Oda Rose-Oertel schreef 11 dezember 2001 in de Lubecker Nachrichten

Herman van Veen in der Lübecker MuK begeistert gefeiert



Lübeck - "Was ich dir singen wollte" ist der lapidare Titel seiner Tournee. Doch Herman van Veen singt nicht einfach. Er spielt auch Geige, er macht Witze, er erzählt Geschichten, er zaubert und verzaubert - der Niederländer ist ein begnadeter Performer. Und das Publikum liebt ihn. Am Sonnabend feierten die Zuschauer in der ausverkauften Lübecker MuK ihren Herman mehr als zweieinhalb Stunden lang; acht Zugaben mussten es sein. Es war wie eine Liebesaffäre zwischen Künstler und Publikum.

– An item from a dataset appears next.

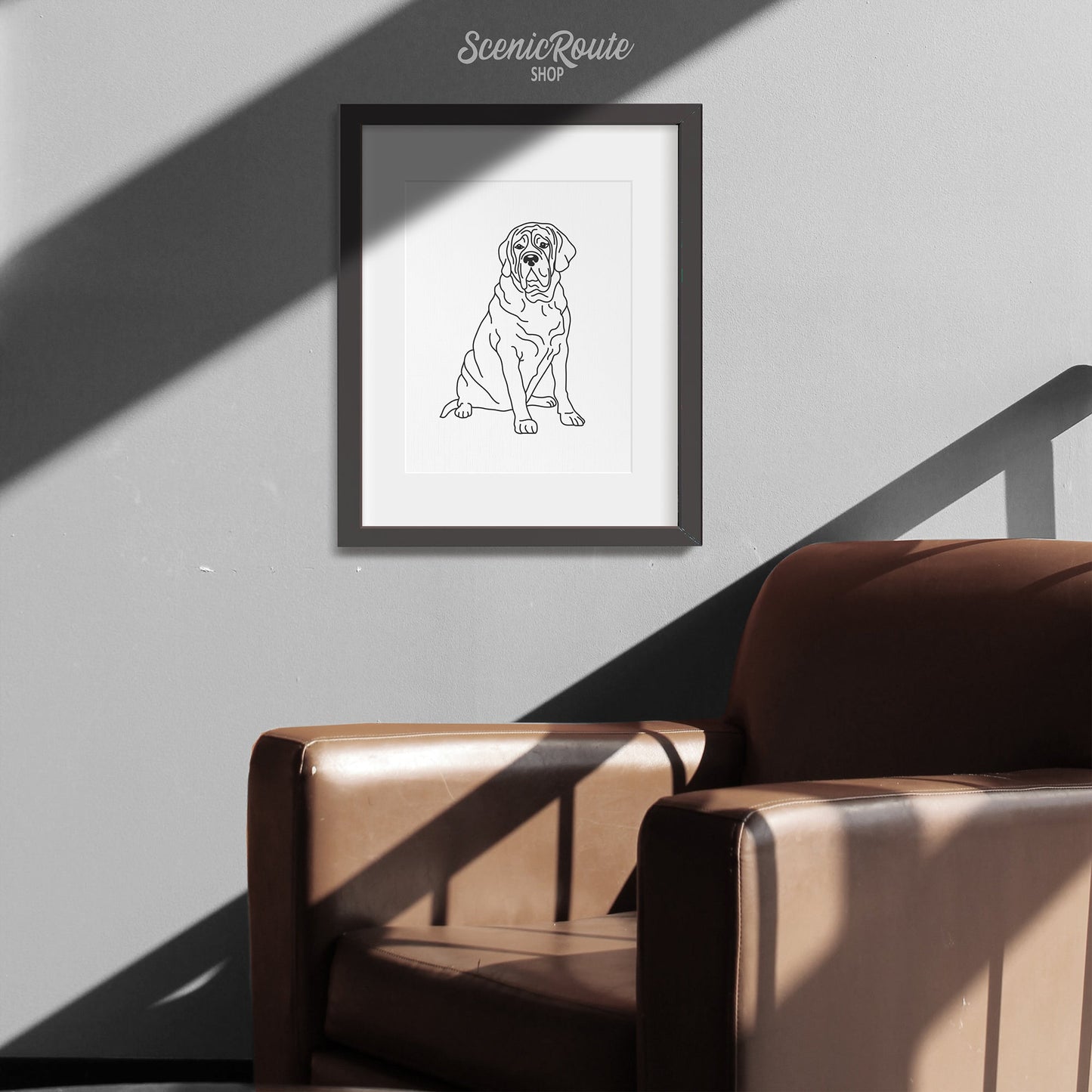 A framed line art drawing of a Mastiff dog on a white wall above a leather chair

"Was ich dir singen wollte" ist auch der Titel der neuen CD, die in Zusammenarbeit mit zehn weiteren Musikern entstanden ist. Fünf von ihnen standen in Lübeck mit auf der Bühne. Erik van der Wurff (Klavier), Edith Leerkes (Gitarre), Jann (Geige), Thomas Dirks (Kontrabass) und Wieke Garcia (Percussion, Harfe, galizischer Dudelsack, Drehleier) sind mehr als nur Begleiter eines Stars. Sie treten gleichberechtigt neben ihm auf, entfalten ihre Persönlichkeiten während der Show, haben große Auftritte. Und stehen Herman van Veen an Charme nichts nach. Verblüffend, wie die junge Wieke Garcia überall Rhythmus herausholt - da reichen ein Kasten und zwei Hände, mehr braucht sie nicht, um teuflische Trommelpower zu entzünden. Die barfüßige Edith Leerkes mit der schwarzen Lockenmähne ist eine Meisterin der klassischen Gitarre. Und die attraktive Blondine Jann, die Herman ständig anflirtet, besticht durch elegantes Geigenspiel. Neben diesen drei Frauen gerät sogar Erik van der Wurff etwas ins Hintertreffen. Er ist der treueste musikalische Wegbegleiter Herman van Veens - seit 1963 ist er mit ihm unterwegs.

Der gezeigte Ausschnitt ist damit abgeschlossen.